Leave out the pictures and print precisely the lines from the line with "Holder C 65 SINGLE CAB 3" to the final line of the entries, both ends included.

··· Data for this task ···

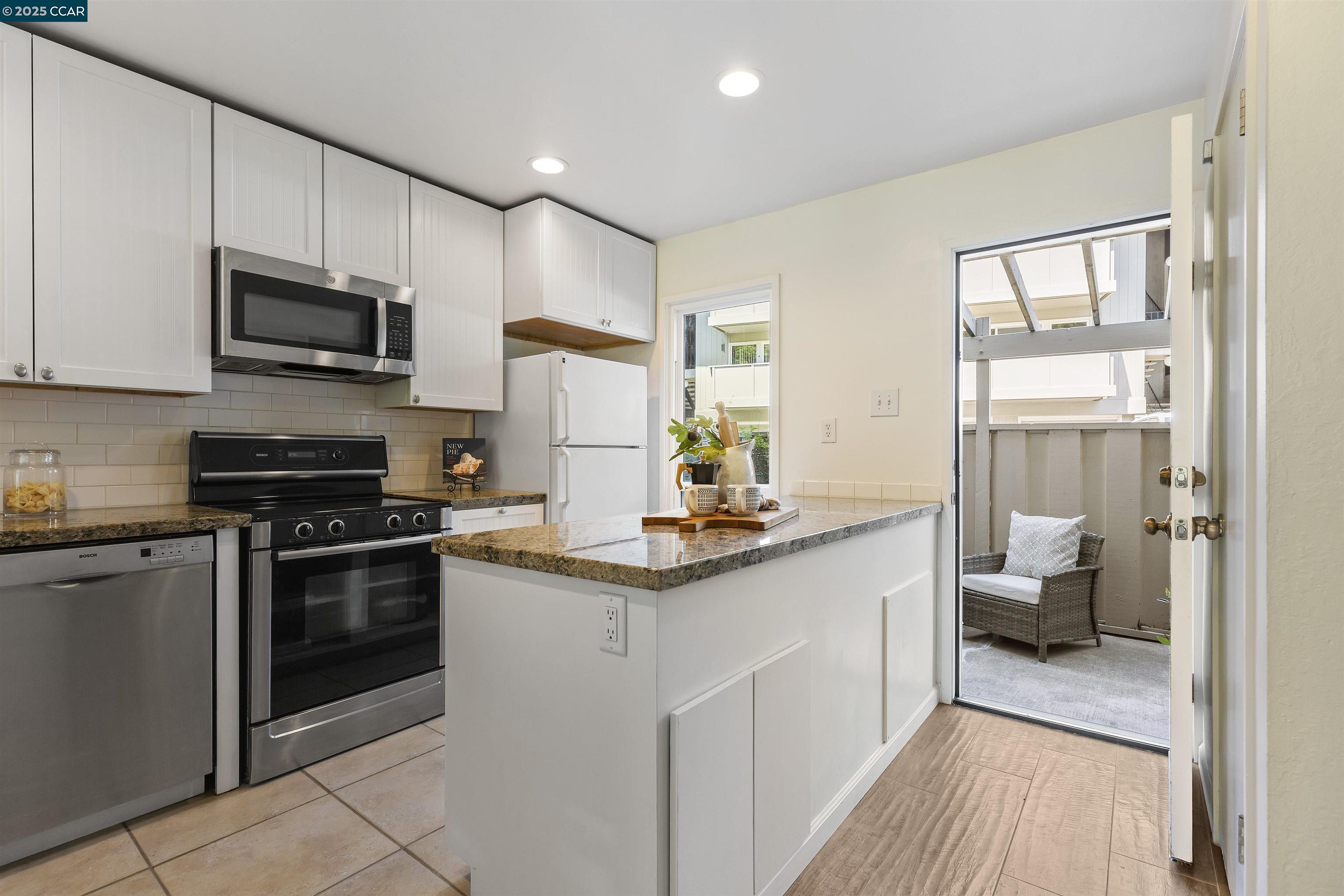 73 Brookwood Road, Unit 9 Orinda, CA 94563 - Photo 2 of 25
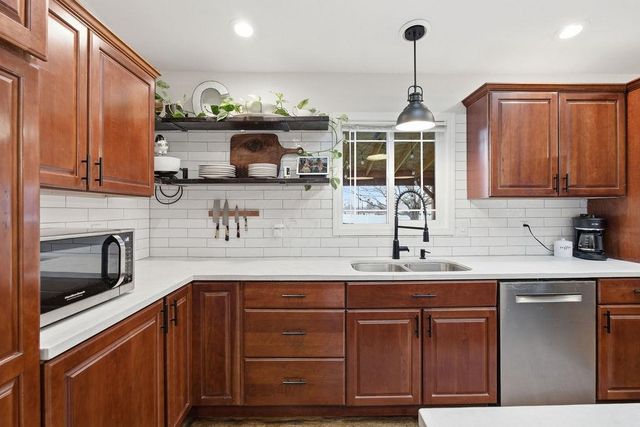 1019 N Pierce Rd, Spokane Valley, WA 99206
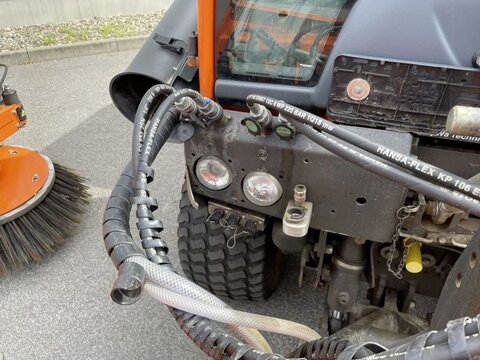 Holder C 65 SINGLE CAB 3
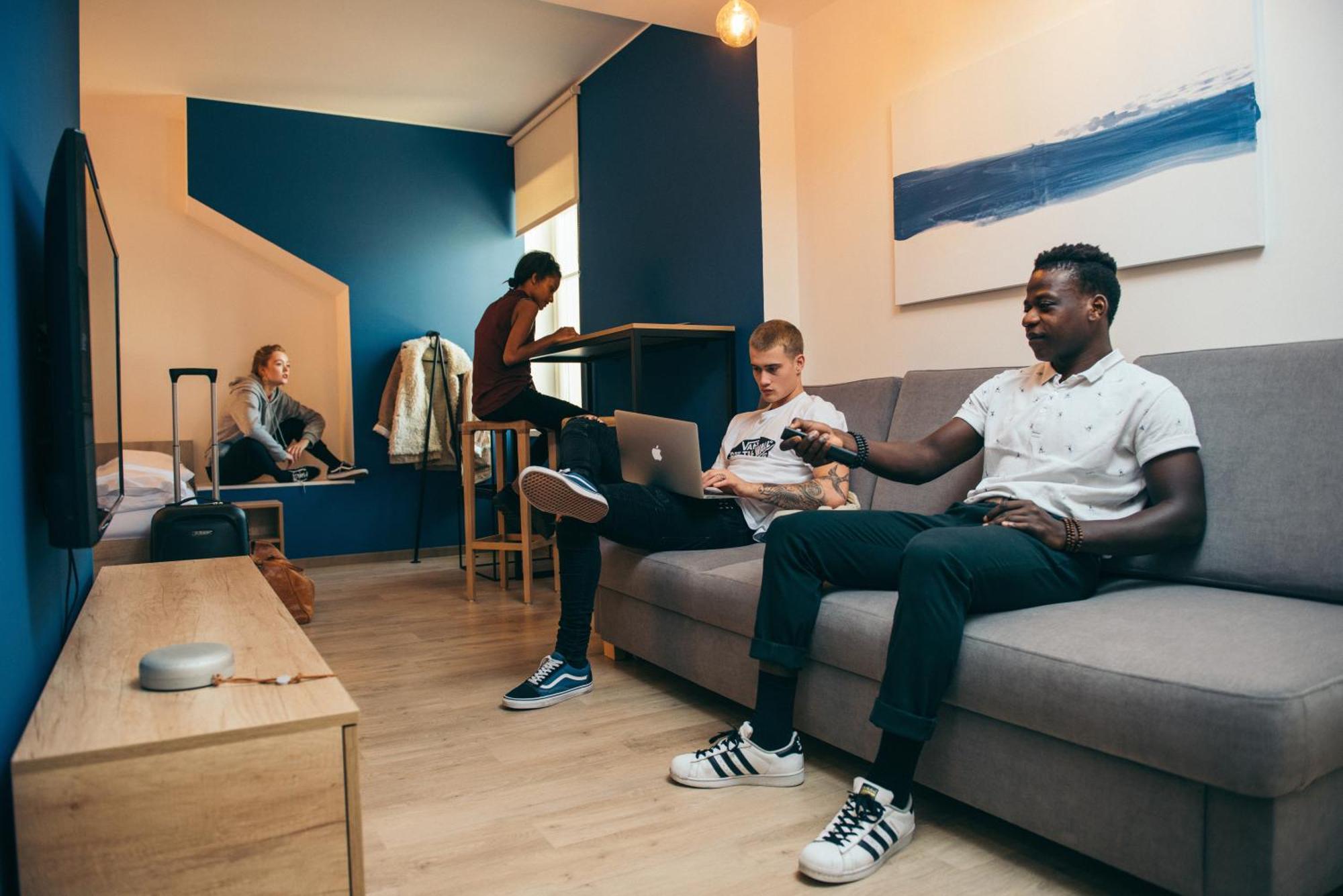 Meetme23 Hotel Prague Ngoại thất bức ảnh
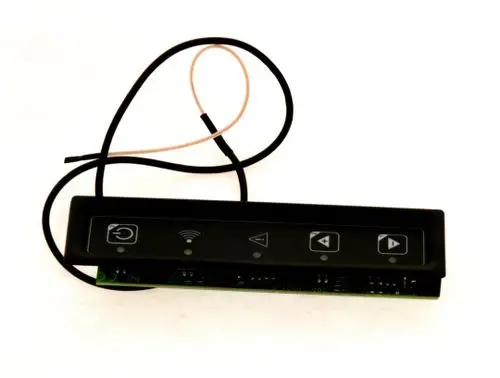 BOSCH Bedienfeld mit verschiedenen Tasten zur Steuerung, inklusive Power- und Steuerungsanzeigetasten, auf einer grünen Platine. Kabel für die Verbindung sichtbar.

···

_Exercise answer:_
 Holder C 65 SINGLE CAB 3
 Meetme23 Hotel Prague Ngoại thất bức ảnh
 BOSCH Bedienfeld mit verschiedenen Tasten zur Steuerung, inklusive Power- und Steuerungsanzeigetasten, auf einer grünen Platine. Kabel für die Verbindung sichtbar.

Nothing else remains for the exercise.